In One Small Step interviews, StoryCorps encourages people with differing political views to learn about the person behind the political label, and so Weidknecht asks her to tell him about herself.

"I was born in Baghdad, Iraq. I moved to the U.S. when I was 10 years old," she says. "Being a Muslim girl, I stood out in almost every single way that you can, in middle school, the worst time to stand out."

Weidknecht says that having been home-schooled, he can relate.

"It was a vastly different experience [than most people]. Socially, I didn't have I guess as many friends as most people would," he says.

He says he has lost friends since the election because of some of his political views. "So I hope that I can be the reason that someone decides to talk to someone as opposed to just cutting them out of their life, or blocking them on Twitter," he says.
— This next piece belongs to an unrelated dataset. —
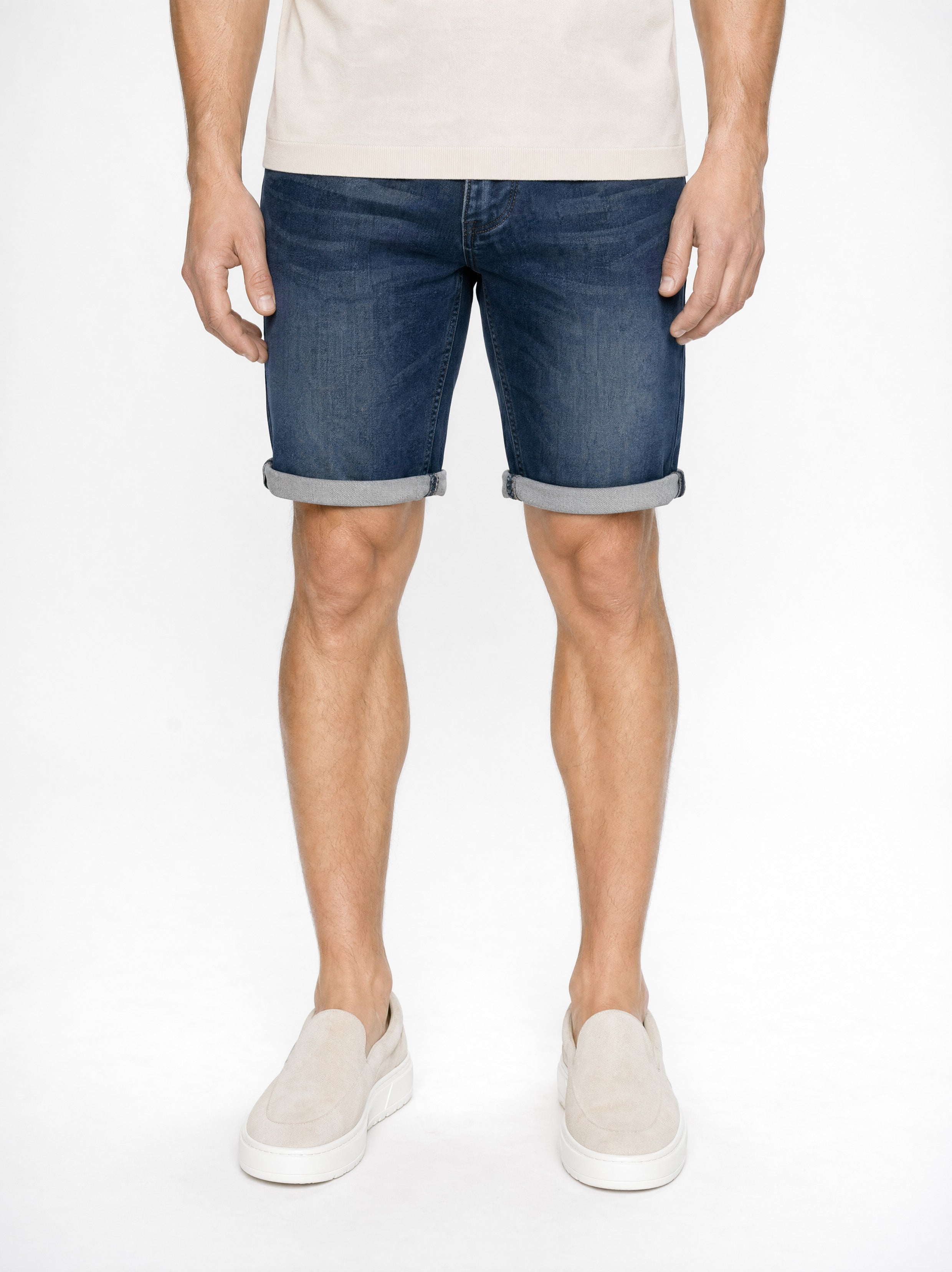 Elm Short J04 - Medium Blue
"I'd like for this to encourage other people to engage in more conversations with people that you don't agree with," Amdeen says.

"That's what it is all about," Weidknecht says. "I'm so glad I wasn't the only one who felt like that."

Audio produced for Morning Edition by Kelly Moffitt.

StoryCorps is a national nonprofit that gives people the chance to interview friends and loved ones about their lives. These conversations are archived at the American Folklife Center at the Library of Congress, allowing participants to leave a legacy for future generations. Learn more, including how to interview someone in your life, at StoryCorps.org.

Correction Sept. 28, 2018

A previous photo caption misspelled Joseph Weidknecht's last name as Weidnecht.